The following interview excerpts have been abbreviated and edited for clarity. 

KCRW: As a philosopher and a medical doctor, what do you say when the government says that we're going to need to vaccinate as many people as possible?  

Julian Savulescu: “The question for a philosopher is when is coercion justified? When can the state limit our freedom? In The UK we're already in a new lockdown with three different tiers of restriction of liberty. So we've already had our liberty restricted in unprecedented ways effectively for periods where we were under house arrest. So the question arises, when is it legitimate to use coercion? 

I've written a paper on mandatory vaccinations in which I argue that you can make vaccines mandatory if four conditions are met. The first is if there's a grave public health problem, The second is there's a safe and effective vaccine. Thirdly, that mandatory vaccination is better than any other alternative, either voluntary or incentivized. And lastly, that the costs are reasonable and proportionate. 

So it's certainly possible to make vaccines mandatory, just as it's possible to make quarantine and isolation mandatory. In the US, California has mandatory vaccination in that children can't enter school unless they're vaccinated. Italy has fines. Australia withholds financial benefits - a ‘no jab, no pay’ policy. So one of the issues is deciding whether coercion is justified or not. 

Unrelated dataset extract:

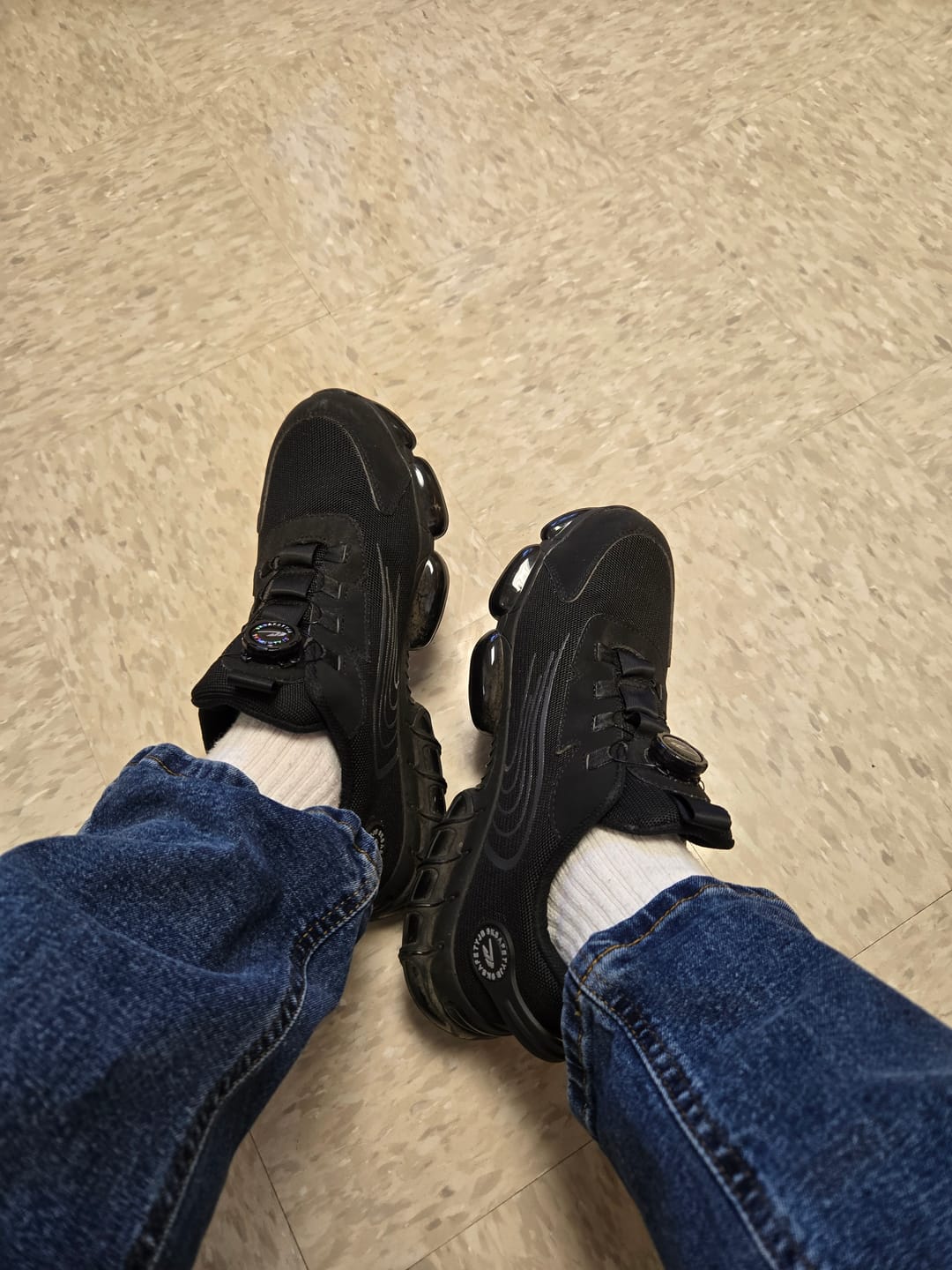 Customer photo review of Protex Black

One of the other big problems is that we already have an extraordinary lockdown, which itself is costing lives and devastating the economy. The UK has already racked up a bill of over 250 billion pounds and that's rising. But people are still dying from cancer. So 

it's about balancing COVID versus non-COVID lives. It's about balancing health and well-being versus freedom. These sorts of balancing acts are fundamentally ethical and there is no scientific fact about whether vaccination should be made mandatory or not it’s about weighing different values.”

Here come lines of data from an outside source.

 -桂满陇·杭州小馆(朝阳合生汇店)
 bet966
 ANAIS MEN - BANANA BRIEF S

Do the conditions exist right now to justify coercion or a mandatory vaccine?

Savulescu: “I don't think so. I don't think COVID-19 is severe enough. That it might sound a strange thing to say but the risk in the under 50 year olds is very small. If a vaccine were to be made mandatory, it should be made mandatory for people over the age of 65 because they’re at the increased risk of dying. Somebody who's 30 has the same chance of dying of COVID-19 as dying in a car accident.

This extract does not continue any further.